What’s crucial to recognize under these circumstances is that the fact that you don’t fit into corporate culture isn’t a failure on your part. It’s just a case of the allocation of your resources perhaps being better served elsewhere.

What I meant by the corporate culture flooding my veins is that I’m beginning to get a feeling that this entire mental wall that I had created about the culture sort of broke down. I can see the allure of fulfilling client expectations now.

Which is the wildest thing in the world for someone who definitely wants to do things for himself. I’m intrigued to see how the two intersect in a few years.

126/181

Hello! Good morning! Welcome! (Try to read this in three different Robin Williams’ exclamation tones – and you’ll understand the dramatic effect better.)

If you didn’t quite understand what I meant, don’t worry. I’m just trying to create dramatic effect and a build-up for (a) the flurry of activity that is going to consume this blog for the next few hours, and (b) your inbox – which, if you follow this blog, is going to end up receiving a lot of e-mails. My deepest sympathies, but warmest of regards. I fully intended the spam to come.

Speaking of spam, Gmail is doing some really wild things for me these days. My inbox is pretty much full – which is scary, because I live everyday on edge. I never know when I’ll stop receiving emails because the cup runneth over (literally). That’s one thing I need to fix. But more importantly, someone I sent e-mails to definitely marked my e-mail as spam. Because my e-mails reach people’s spam inboxes super frequently. It’s now become a running joke. Which is pretty unfunny, if you ask me. It’s something I am rallying the troops to try to correct.

I received my first piece of fanmail earlier in November – and because of how crazy things have been since then, I have been unable to respond. To said sender: I am very sorry – I am responding soon. Please check your spam for a reply – in case it isn’t available in your inbox directly.

What else, what else. Oh, yes. I’m 4 days away from going home. What you’re going to read henceforth is a vivid recounting/renarration of everything that I’ve been through emotionally for the last one month or more.

Good luck getting through everything! I’m so happy to be back here. Missed you folk.

125/181

Hello, readers of this blog. It’s been a long time – a month and more, now. That’s a fact I’m acutely aware of, but there’s not been much I could do about it. The last month has been a little crazy in my life. I know that isn’t an excuse to stop writing, but it got me to reprioritize and reshuffle a couple of things around. Writing, unfortunately, dropped to a little lower on the list – so by the time I ended up getting around to it each day, I drafted things and trashed them.

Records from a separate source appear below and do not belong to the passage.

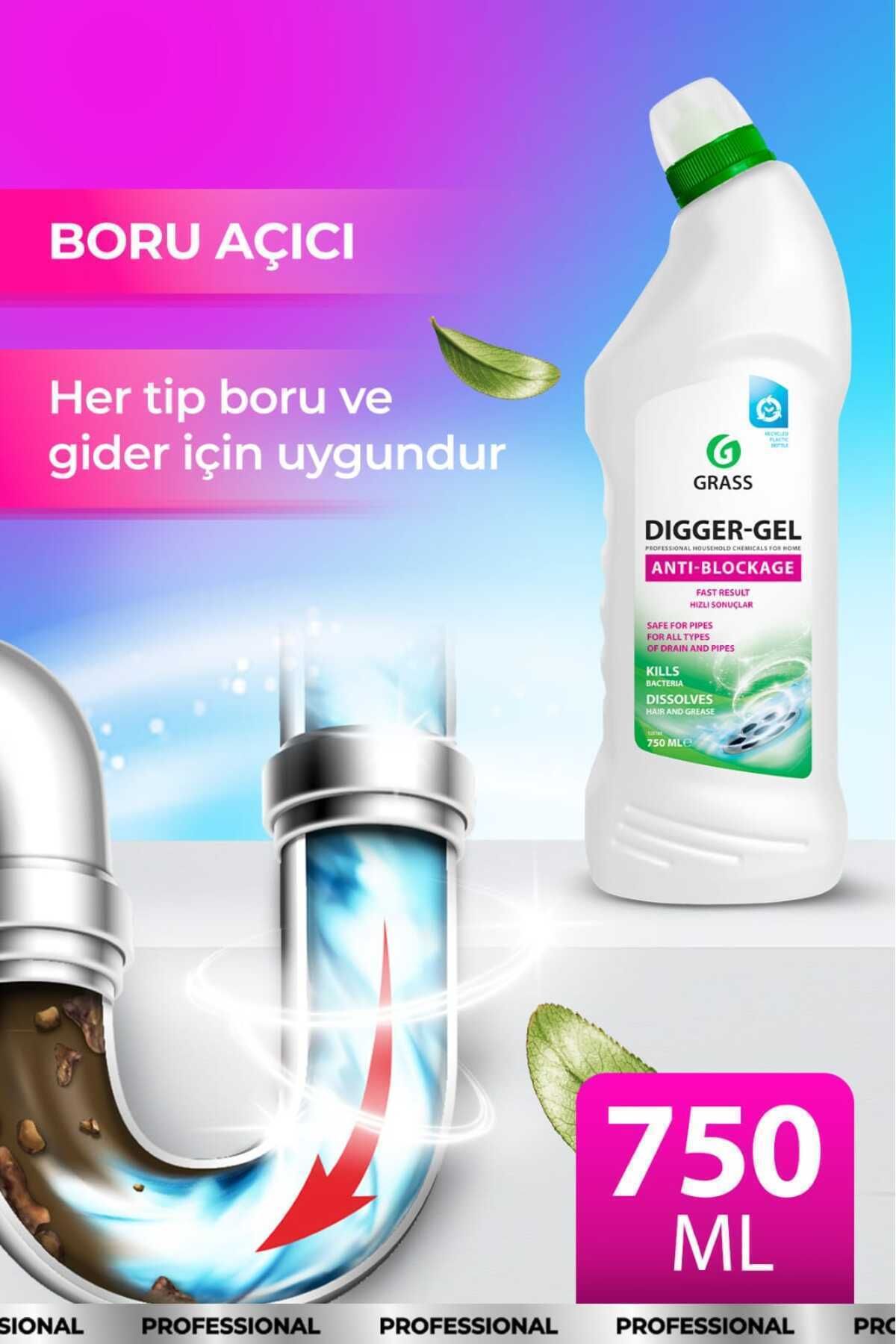 GRASS Dıgger Gel Turbo Hijyenik Gider, Lavabo Açıcı (750 ML)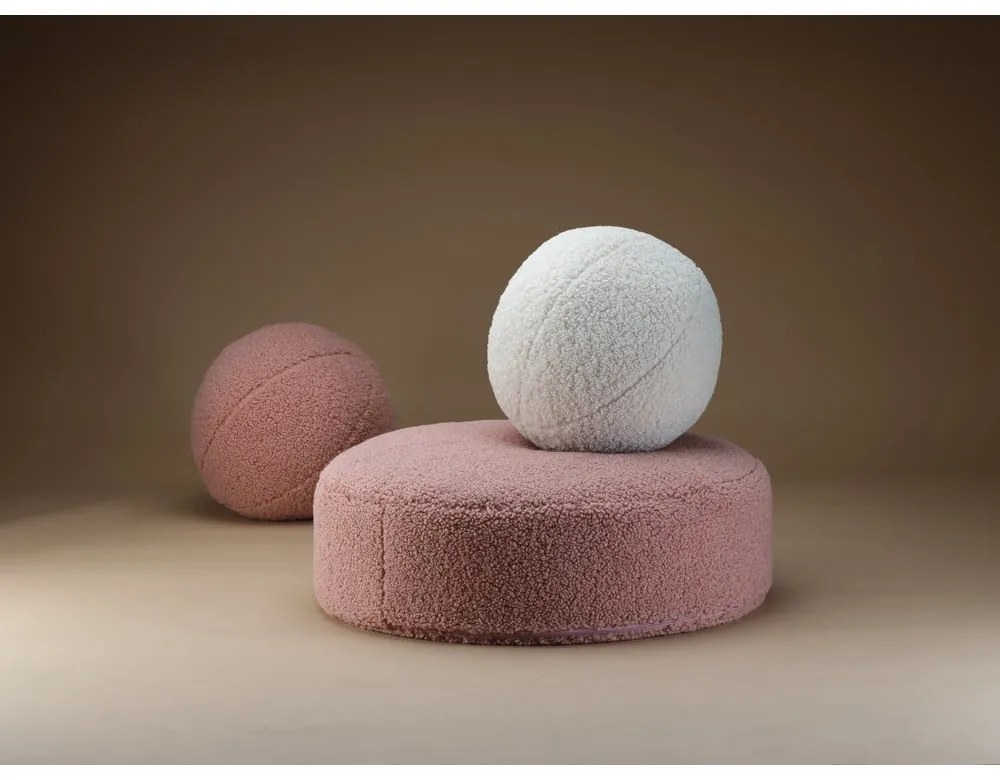 Rózsaszín buklé gyerek babzsákfotel Round – Wigiwama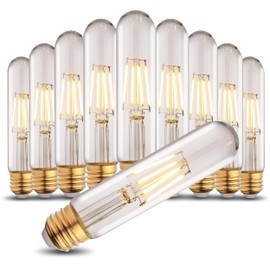 runquiz T10 Tubular Led Bulbs 60w Equivalent, Dimmable 5.25 Inch Led Tube Bulb, E26 T30 Edison Tubular Clear Light Bulbs, 2700K Warm Light Long Skinny 6W 10 Pack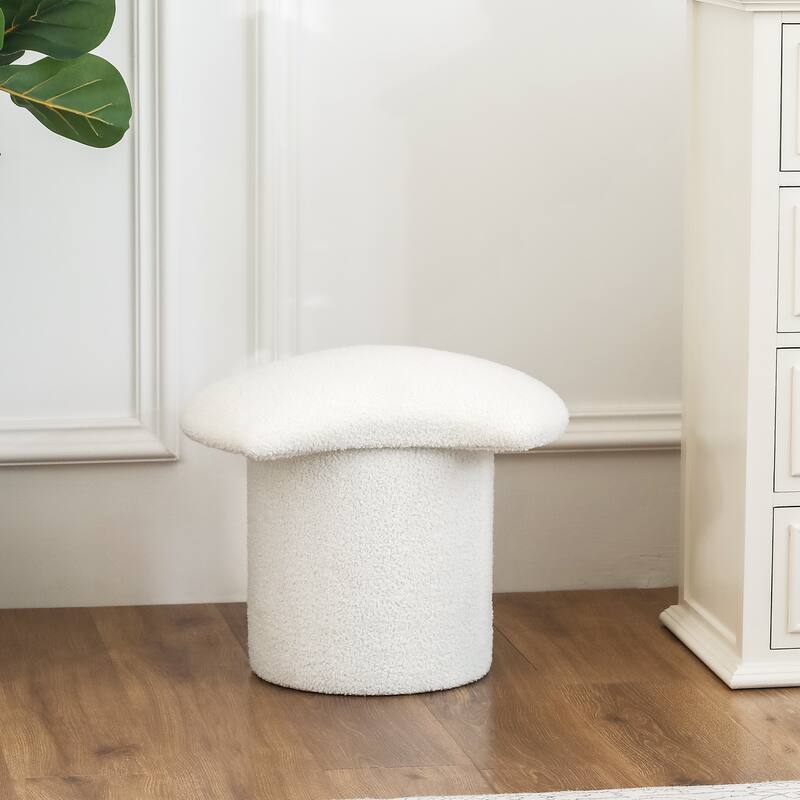 Adeco Boucle Ottoman Footrest Bench for Living Room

There’s a lot to say, because while I stopped updating you here, my life (surprise, surprise) hasn’t come to a standstill. I do actually still intend to chronicle everything I’ve done. It’s just a matter of time before it actually happens. Stick around and we’ll get there.

In the meanwhile, I’ve now come to visit my grandmother in Pune. What needs to be said is that several things might have transpired since my last visit here, and a lot has changed, but the gulab jamuns my grandmother makes still taste as delicious as ever.